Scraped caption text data

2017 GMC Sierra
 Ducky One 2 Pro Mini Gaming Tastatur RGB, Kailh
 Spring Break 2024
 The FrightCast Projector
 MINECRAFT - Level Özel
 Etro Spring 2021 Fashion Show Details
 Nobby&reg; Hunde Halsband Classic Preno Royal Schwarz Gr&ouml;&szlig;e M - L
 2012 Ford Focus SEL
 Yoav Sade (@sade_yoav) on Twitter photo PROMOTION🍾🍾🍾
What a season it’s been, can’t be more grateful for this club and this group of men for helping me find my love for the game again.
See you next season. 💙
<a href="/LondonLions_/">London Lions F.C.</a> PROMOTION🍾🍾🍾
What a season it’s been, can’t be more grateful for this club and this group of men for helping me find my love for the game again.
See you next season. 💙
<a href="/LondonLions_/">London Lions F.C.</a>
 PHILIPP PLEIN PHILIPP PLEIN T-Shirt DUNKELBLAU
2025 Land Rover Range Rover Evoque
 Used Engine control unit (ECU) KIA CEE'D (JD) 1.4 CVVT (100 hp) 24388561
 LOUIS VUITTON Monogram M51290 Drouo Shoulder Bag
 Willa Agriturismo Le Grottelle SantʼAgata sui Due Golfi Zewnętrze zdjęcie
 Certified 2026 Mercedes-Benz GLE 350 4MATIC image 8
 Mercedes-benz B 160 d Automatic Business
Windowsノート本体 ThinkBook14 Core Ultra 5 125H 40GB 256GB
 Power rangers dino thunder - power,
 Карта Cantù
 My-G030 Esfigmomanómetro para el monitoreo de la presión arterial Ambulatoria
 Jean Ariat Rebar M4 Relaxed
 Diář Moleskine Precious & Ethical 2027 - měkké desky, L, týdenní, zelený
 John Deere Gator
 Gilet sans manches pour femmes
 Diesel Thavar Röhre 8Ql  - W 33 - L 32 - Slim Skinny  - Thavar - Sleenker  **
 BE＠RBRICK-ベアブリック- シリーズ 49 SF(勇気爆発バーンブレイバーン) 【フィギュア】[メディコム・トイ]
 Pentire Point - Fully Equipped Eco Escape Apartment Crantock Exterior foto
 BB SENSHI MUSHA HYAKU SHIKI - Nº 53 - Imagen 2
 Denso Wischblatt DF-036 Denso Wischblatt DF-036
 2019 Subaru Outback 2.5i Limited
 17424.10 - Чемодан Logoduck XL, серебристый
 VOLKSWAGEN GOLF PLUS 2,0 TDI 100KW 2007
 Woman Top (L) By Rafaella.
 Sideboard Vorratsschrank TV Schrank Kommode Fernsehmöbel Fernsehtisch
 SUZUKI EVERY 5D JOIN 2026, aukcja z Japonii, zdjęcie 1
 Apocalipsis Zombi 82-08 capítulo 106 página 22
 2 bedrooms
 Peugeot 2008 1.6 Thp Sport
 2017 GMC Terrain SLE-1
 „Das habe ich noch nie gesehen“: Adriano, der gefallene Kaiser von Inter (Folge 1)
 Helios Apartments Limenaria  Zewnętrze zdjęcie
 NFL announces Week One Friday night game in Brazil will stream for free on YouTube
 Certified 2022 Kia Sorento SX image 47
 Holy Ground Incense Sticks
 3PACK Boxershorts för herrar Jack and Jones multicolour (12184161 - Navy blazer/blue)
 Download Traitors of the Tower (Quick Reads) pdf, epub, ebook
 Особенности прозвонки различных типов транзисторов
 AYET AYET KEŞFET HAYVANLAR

→ **What is required**
Start with the line above that contains "BB SENSHI MUSHA" and end with the line that contains "SUZUKI EVERY 5D". Write out those lines exactly, and only those.

→ **Task output**
 BB SENSHI MUSHA HYAKU SHIKI - Nº 53 - Imagen 2
 Denso Wischblatt DF-036 Denso Wischblatt DF-036
 2019 Subaru Outback 2.5i Limited
 17424.10 - Чемодан Logoduck XL, серебристый
 VOLKSWAGEN GOLF PLUS 2,0 TDI 100KW 2007
 Woman Top (L) By Rafaella.
 Sideboard Vorratsschrank TV Schrank Kommode Fernsehmöbel Fernsehtisch
 SUZUKI EVERY 5D JOIN 2026, aukcja z Japonii, zdjęcie 1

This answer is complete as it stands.